Pham had previously posted numerous pro-Democracy articles on the dissident forums Danchu.net and Ykien.net and even sent one, “Promising Signals for Democracy in Vietnam,” to the secretary-general of the Vietnamese Communist Party, General Nong Duc Manh.
After he published the embassy piece in Vietnamese, the local police interrogated him and confiscated his computer, Brossell said. The next day, he published an online letter protesting the seizure and was sent to prison.
Reporters Without Borders is calling for the immediate release of Pham and two other Web dissidents, Le Chi Quang and Tran Khue, who were detained for similar activities earlier this year.
In February, computer teacher Le Chi Quang was arrested at a Hanoi Internet café after he published an online article titled “Beware the Northern Empire,” which criticized the Vietnamese government for ceding a large chunk of its territory to China. He was charged with sending “dangerous information overseas” and his computer seized.
In March, literature professor Tran Khue was arrested after he published an open letter to Chinese president Jiang Zemin on the Internet that also criticized the Sino-Vietnamese agreement. (Vietnamese dissidents have launched an online petition urging the international community to reject the agreement.)
The arrests were also protested by the Committee to Protect Journalists. Calls to the Vietnamese Embassy in Washington requesting comment on the arrests were not answered.
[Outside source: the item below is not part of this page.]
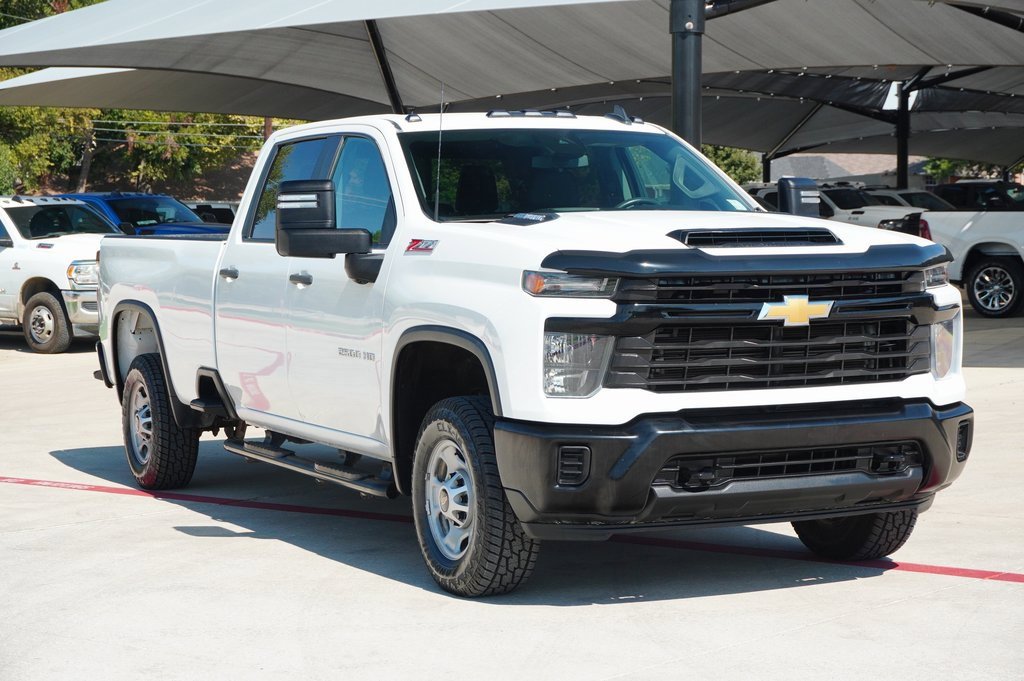 Used 2024 Chevrolet Silverado 2500 W/T image 6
Although the dissidents don’t fit the conventional definition of reporters, they are the closest thing to independent journalists in Vietnam. The government owns the media and controls the nation’s six ISPs, which block access to western media and other information deemed “subversive.” Last year, Hanoi passed regulation which imposes fines of up to $1,330 for illegal Internet activity, including distributing prohibited information and pornographic material.
Although Internet penetration is low in Vietnam — with only an estimated 150,000 subscribers out of a population of 78 million –- the government nevertheless views the medium as a threat, said Nguyen Than Psam, the chairman of the San Diego, California Vietnam Human Rights Network.
“You can criticize the government in the street or in their face, but not online,” said Than Psam. “They don’t want you to use mass communication and influence a lot of people because then they say it’s a threat to national security.”